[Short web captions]
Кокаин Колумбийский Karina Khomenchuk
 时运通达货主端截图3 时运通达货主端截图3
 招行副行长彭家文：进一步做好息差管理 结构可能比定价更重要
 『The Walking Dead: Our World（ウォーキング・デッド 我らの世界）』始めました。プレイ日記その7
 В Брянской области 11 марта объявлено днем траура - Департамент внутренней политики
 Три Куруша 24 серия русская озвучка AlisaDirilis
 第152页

> **The problem**
Reproduce exactly what appears from the line containing "招行副行长彭家文：进一步做好息差管理 结构可能比定价更重要" down to the final line of the data.

> **Exercise result**
 招行副行长彭家文：进一步做好息差管理 结构可能比定价更重要
 『The Walking Dead: Our World（ウォーキング・デッド 我らの世界）』始めました。プレイ日記その7
 В Брянской области 11 марта объявлено днем траура - Департамент внутренней политики
 Три Куруша 24 серия русская озвучка AlisaDirilis
 第152页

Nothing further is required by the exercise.